When No. 91 is back on their practice field balance will be restored to their defensive force.

Eddie Goldman's opt out proved a huge change in personnel the Bears couldn't cope with in 2020. Take the Pro Bowl alternate nose tackle out of the lineup, Akiem Hicks' right-hand man, and they were trying to scramble for a nose tackle by converting players at other positions or picking up leftover players from elsewhere, like John Jenkins.

There was no preseason, no real way to integrate these changes into the way their defensive front played. It's a position where physicality is everything and they had no real physical practice until the first game at Detroit. It showed immediately as their two inside linebackers weren't physically ready to handle runs coming their way without a nose tackle in front of them capable of eating up blocks and even pushing the line of scrimmage backward.

The Bears allowed 110 yards on the ground in games without Akiem Hicks but with Goldman in 2019. They allowed 109 yards a game on the ground in games they had Hicks but not Goldman last season.
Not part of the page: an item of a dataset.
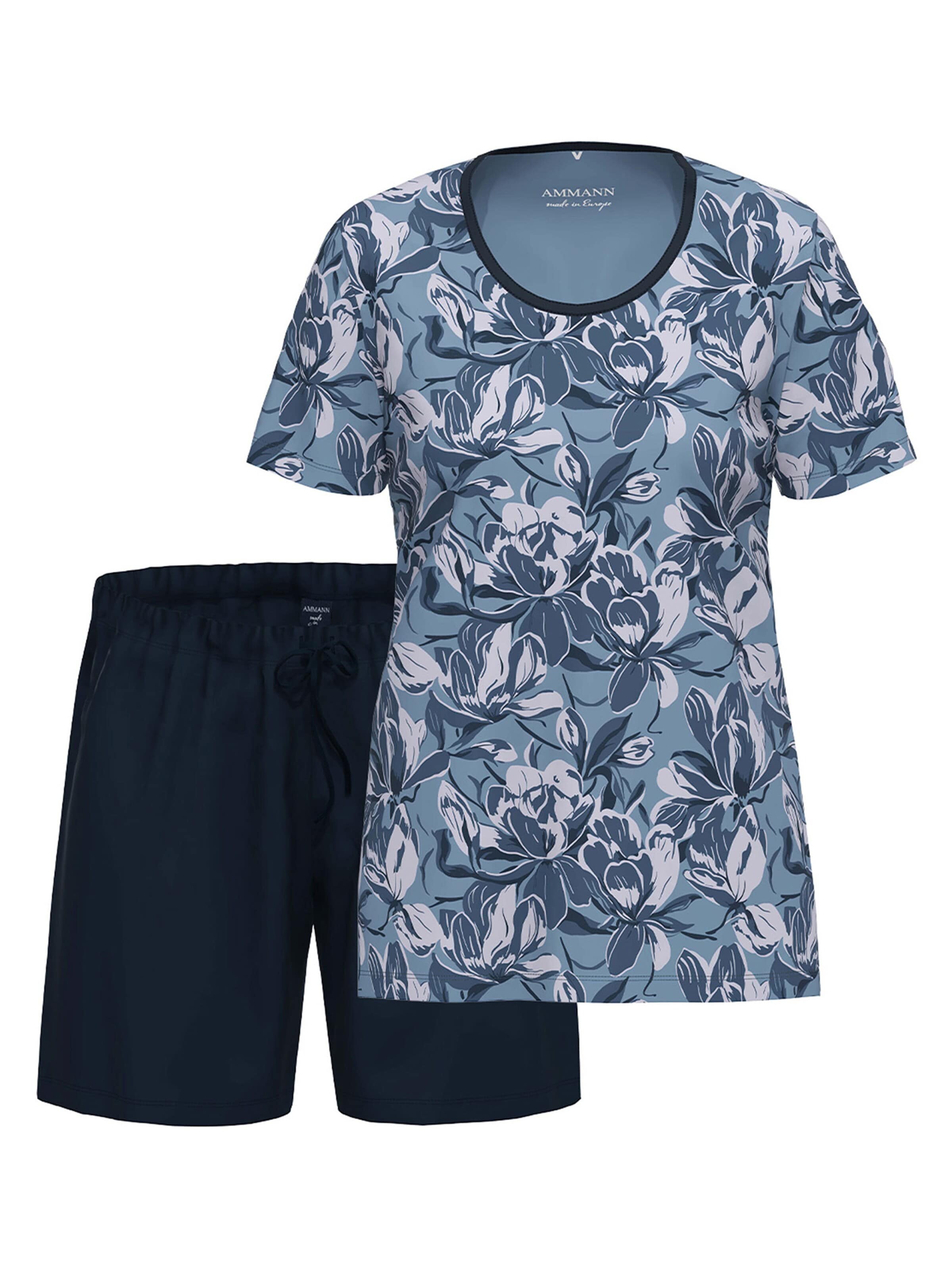 Ammann Pyjama 'Night & Home'‌‌ in Blau: Vorderseite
When they had both on the field in 2018 and 2019 for 20 games, they allowed 79 yards rushing a game.

Goldman returns, and the Bears run defense looks quite a bit different. Those second-and-5s now became second-and-8s for opposing offenses. The third-and-2s are third-and-6s. There are more three-and-outs, fewer long drives.

The pass defense becomes better for facing more manageable situations thanks to their run defense.
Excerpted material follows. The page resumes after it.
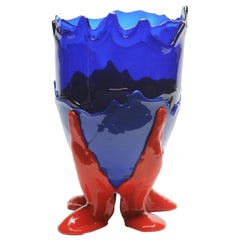 Contemporary Gaetano Pesce Clear M Vase Harz Blau Rot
Coaching is a major unmeasurable factor in all of this. Sean Desai is defensive coordinator and not Fangio or Pagano.

Another is age, at least in Hicks' case. He's going to be 32 during next season. It's still young enough to have an impact up front and the Bears would have Roquan Smith playing at a higher level behind both Hicks and Goldman at a higher level than in 2018-2020.
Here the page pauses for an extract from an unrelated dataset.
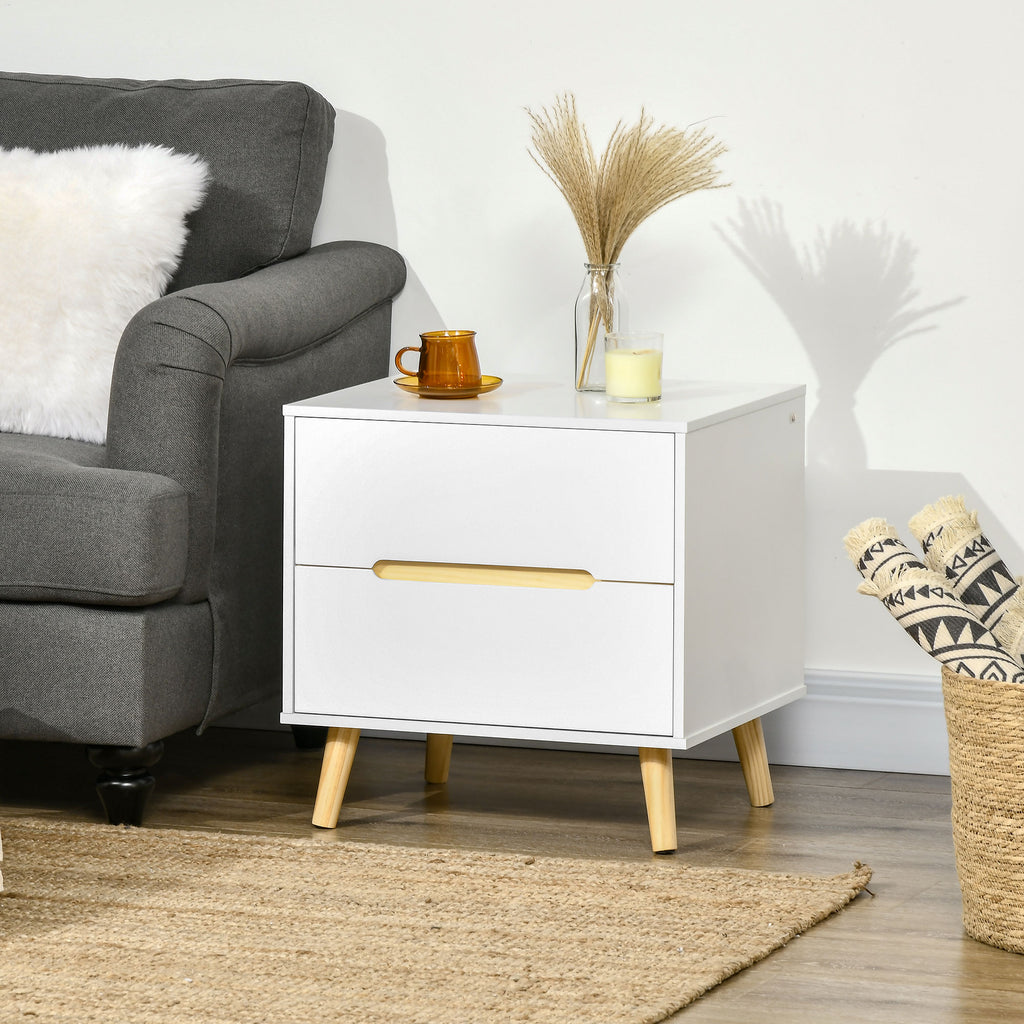 Willow Modern Nightstand/End Table with 2 Drawers-White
When the season ended, GM Ryan Pace started running through the list of injured or missing players from the defense not on the field to play the Saints.

"Starting with Eddie Goldman, Roy Robertson-Harris, Buster Skrine, Jaylon Johnson, not having Roquan at the end, as good as he was playing and just the leader he is and captain he is on the field, that was significant," Pace said. "And then we had Khalil (Mack) playing through an injury (shoulder). So those are all factors with the defense and that's going to be an important offseason discussion."

The return of Goldman, and then return of others are actually the first steps in refortifying the Bears defense and one important enough to bolster all other aspects of play.